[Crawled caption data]
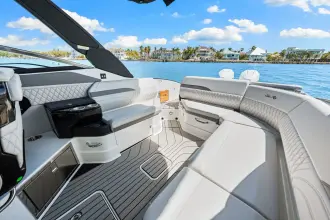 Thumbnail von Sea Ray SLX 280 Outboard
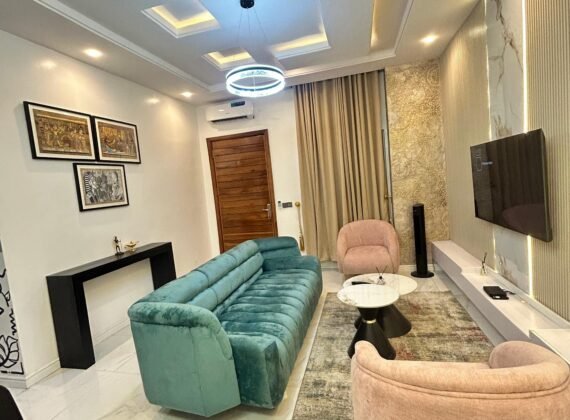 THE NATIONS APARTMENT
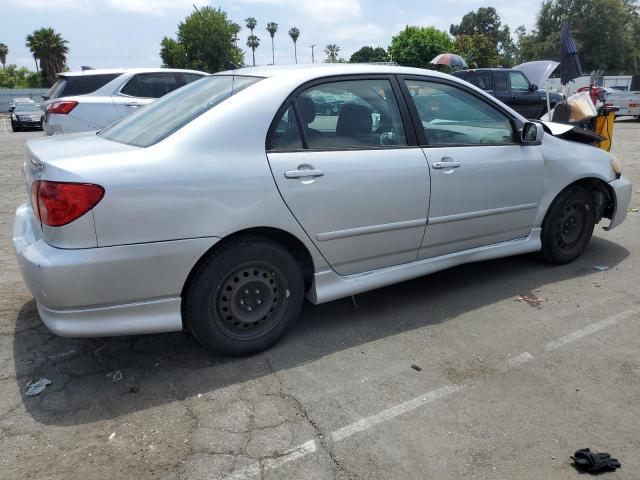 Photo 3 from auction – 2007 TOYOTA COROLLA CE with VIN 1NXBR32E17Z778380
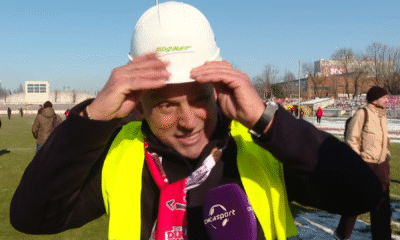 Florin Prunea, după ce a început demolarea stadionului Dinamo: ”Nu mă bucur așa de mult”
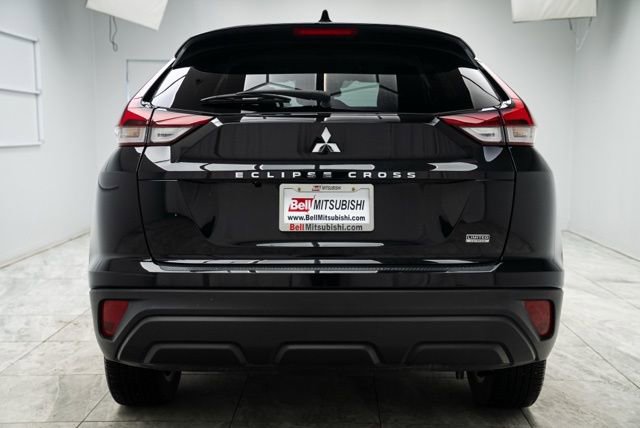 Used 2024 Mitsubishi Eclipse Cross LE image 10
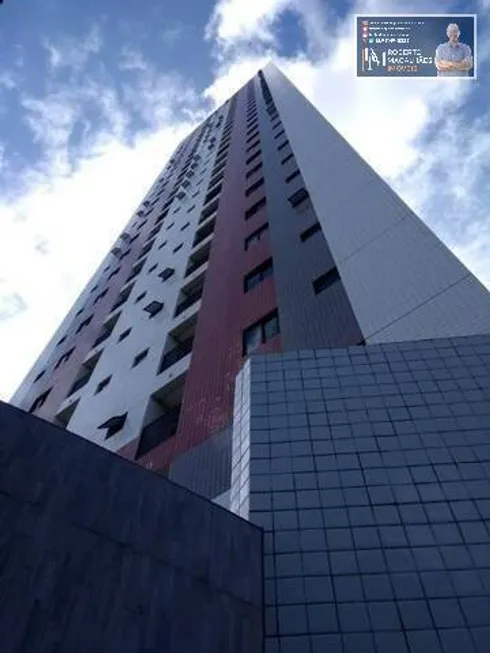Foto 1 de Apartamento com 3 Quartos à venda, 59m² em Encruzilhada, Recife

• Work instruction:
What is needed is an exact copy of the records above, with no pictures in it.

• Response:
 Thumbnail von Sea Ray SLX 280 Outboard
 THE NATIONS APARTMENT
 Photo 3 from auction – 2007 TOYOTA COROLLA CE with VIN 1NXBR32E17Z778380
 Florin Prunea, după ce a început demolarea stadionului Dinamo: ”Nu mă bucur așa de mult”
 Used 2024 Mitsubishi Eclipse Cross LE image 10
Foto 1 de Apartamento com 3 Quartos à venda, 59m² em Encruzilhada, Recife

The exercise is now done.